> _What is required_:
Print the entries verbatim, leaving out the images they contain.
□ □ □
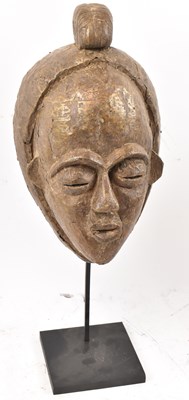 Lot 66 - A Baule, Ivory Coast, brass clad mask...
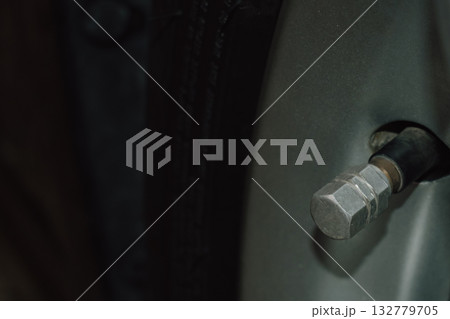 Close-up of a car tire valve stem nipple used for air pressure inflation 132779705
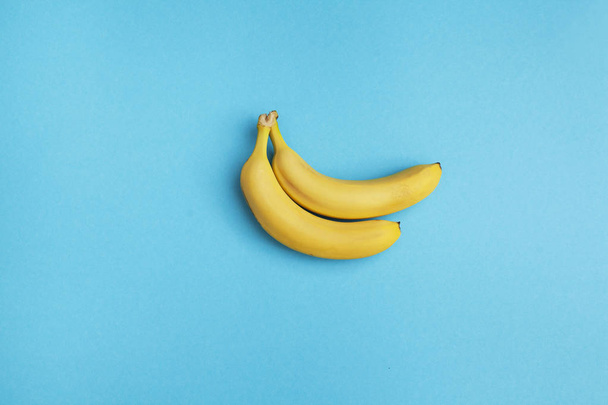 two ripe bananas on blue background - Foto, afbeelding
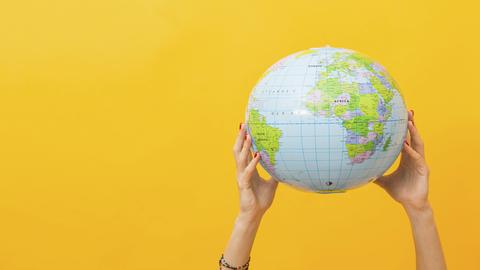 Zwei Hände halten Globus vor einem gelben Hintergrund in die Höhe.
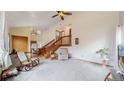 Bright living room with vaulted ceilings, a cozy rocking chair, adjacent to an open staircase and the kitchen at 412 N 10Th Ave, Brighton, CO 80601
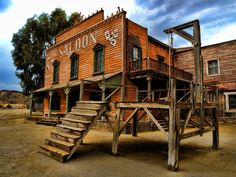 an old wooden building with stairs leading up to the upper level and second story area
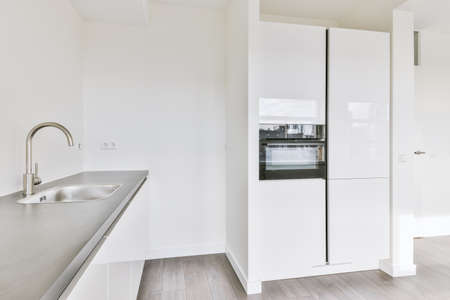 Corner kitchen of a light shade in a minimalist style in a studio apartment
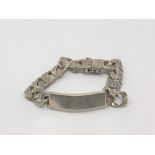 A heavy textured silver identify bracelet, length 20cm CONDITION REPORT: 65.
□ □ □
> _Solution for this task_:
 Lot 66 - A Baule, Ivory Coast, brass clad mask...
 Close-up of a car tire valve stem nipple used for air pressure inflation 132779705
 two ripe bananas on blue background - Foto, afbeelding
 Zwei Hände halten Globus vor einem gelben Hintergrund in die Höhe.
 Bright living room with vaulted ceilings, a cozy rocking chair, adjacent to an open staircase and the kitchen at 412 N 10Th Ave, Brighton, CO 80601
 an old wooden building with stairs leading up to the upper level and second story area
 Corner kitchen of a light shade in a minimalist style in a studio apartment
 A heavy textured silver identify bracelet, length 20cm CONDITION REPORT: 65.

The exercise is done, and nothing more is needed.